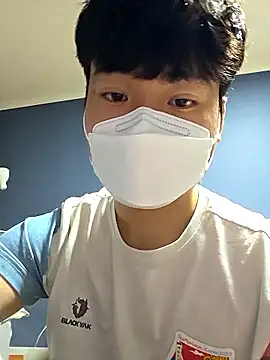 jaesung2005 online show from March 17, 2026, 12:52 pm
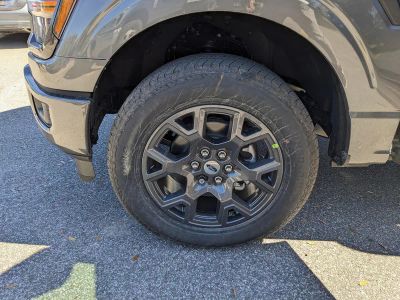 2026 Ford F-150 — photo 30 view
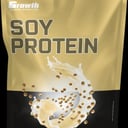 Foto de Proteína de Soja Aislada (Sabor Natural) 1 kg - Suplementos para el Crecimiento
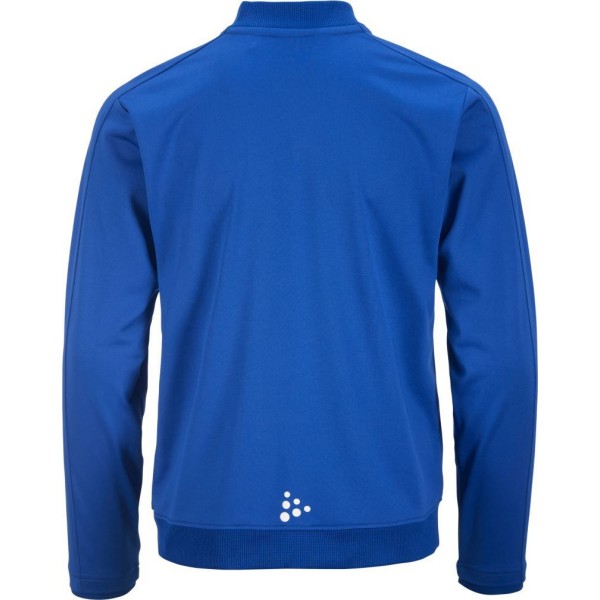 Otroški športni pulover s polovično zadrgo Craft Evolve 2.0 Half zip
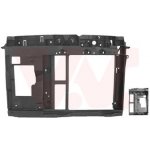 Predni oblozeni VAN WEZEL 4034678
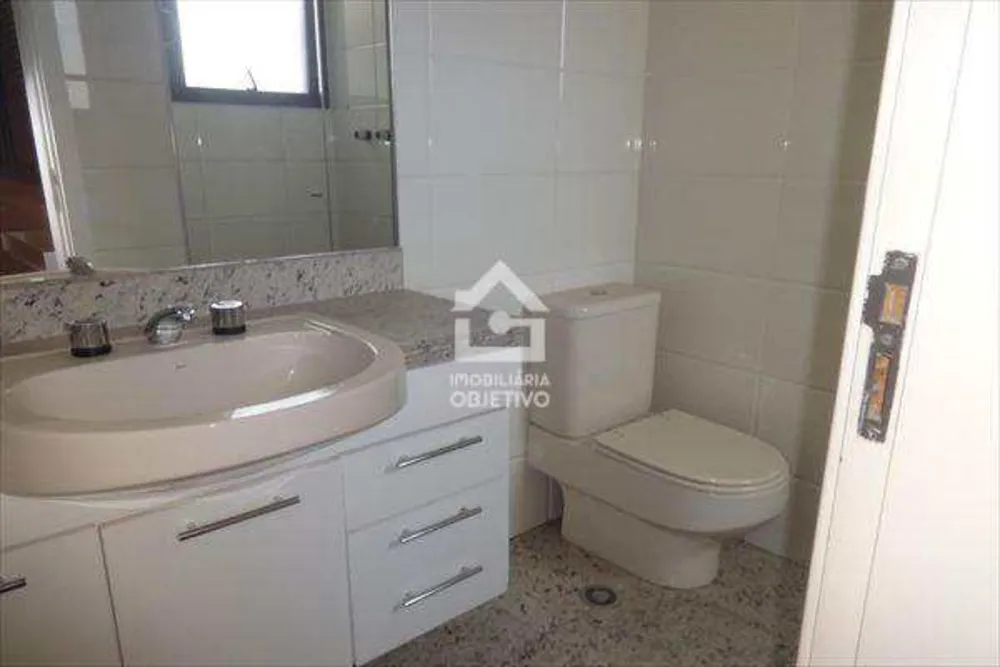 Apartamento, 4 quartos, 220 m² - Foto 3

=-=-=

**Description of the task:**
Output every entry exactly as given; pictures are not part of the copy.

**Result below:**
 jaesung2005 online show from March 17, 2026, 12:52 pm
 2026 Ford F-150 — photo 30 view
 Foto de Proteína de Soja Aislada (Sabor Natural) 1 kg - Suplementos para el Crecimiento
 Otroški športni pulover s polovično zadrgo Craft Evolve 2.0 Half zip
 Predni oblozeni VAN WEZEL 4034678
 Apartamento, 4 quartos, 220 m² - Foto 3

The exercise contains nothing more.